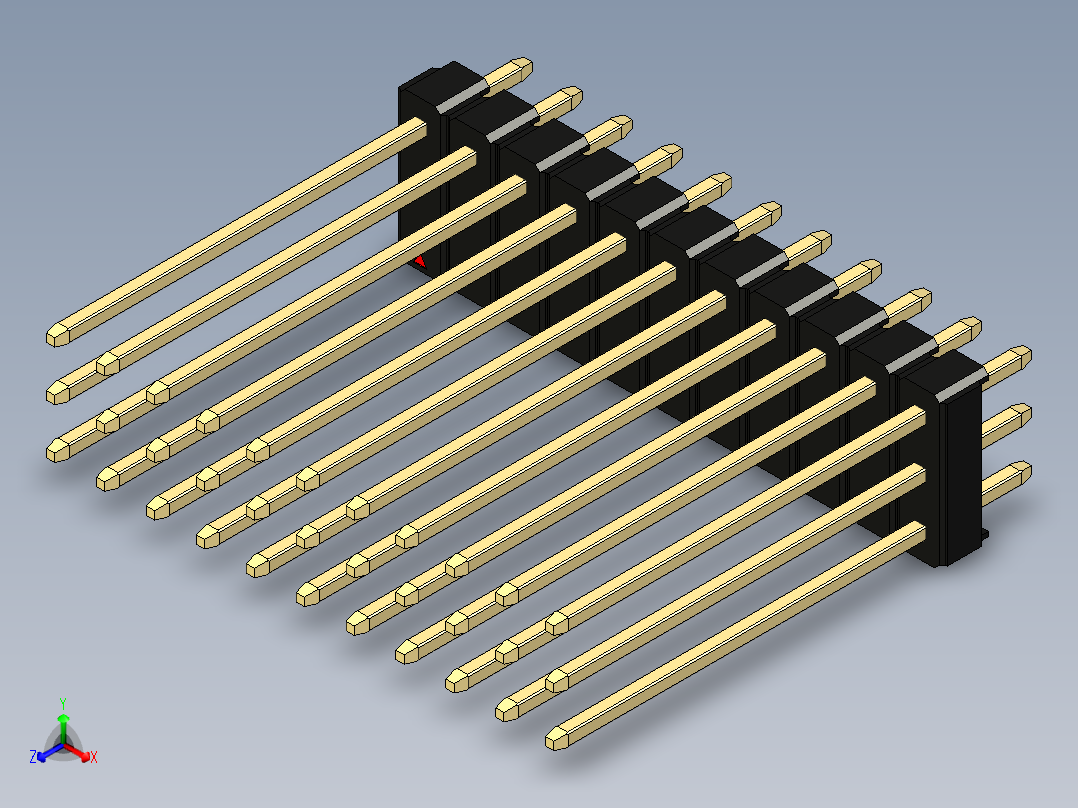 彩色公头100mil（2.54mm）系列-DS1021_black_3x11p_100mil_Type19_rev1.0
--
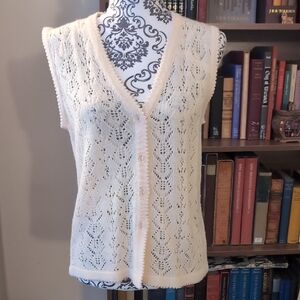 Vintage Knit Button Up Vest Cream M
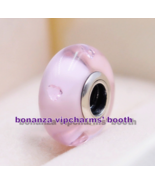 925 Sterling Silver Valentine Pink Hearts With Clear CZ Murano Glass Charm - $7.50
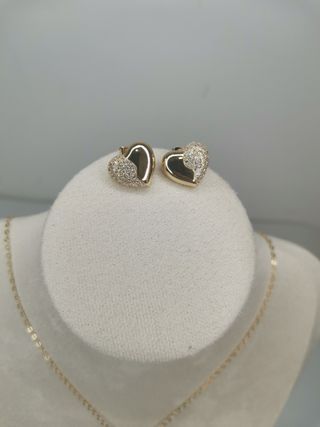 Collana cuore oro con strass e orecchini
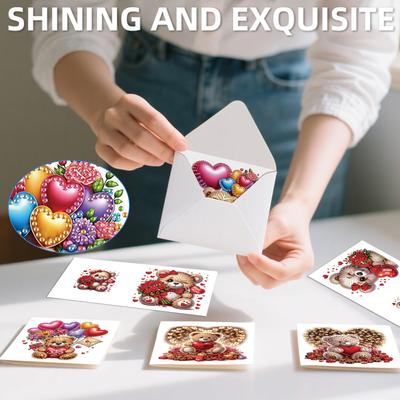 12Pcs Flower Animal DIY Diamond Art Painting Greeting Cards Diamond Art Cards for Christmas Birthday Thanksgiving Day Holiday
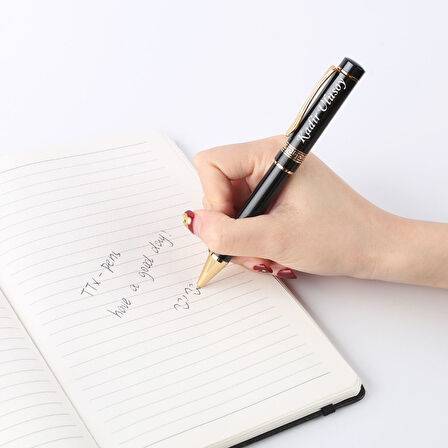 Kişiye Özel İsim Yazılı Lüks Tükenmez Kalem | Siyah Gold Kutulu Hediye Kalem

*Required work:*
Please set down, exactly and with no pictures, the lines in the entries above starting at the one holding "12Pcs Flower Animal" and ending at the one holding "Kişiye Özel İsim", ends included.

*Exercise response:*
 12Pcs Flower Animal DIY Diamond Art Painting Greeting Cards Diamond Art Cards for Christmas Birthday Thanksgiving Day Holiday
 Kişiye Özel İsim Yazılı Lüks Tükenmez Kalem | Siyah Gold Kutulu Hediye Kalem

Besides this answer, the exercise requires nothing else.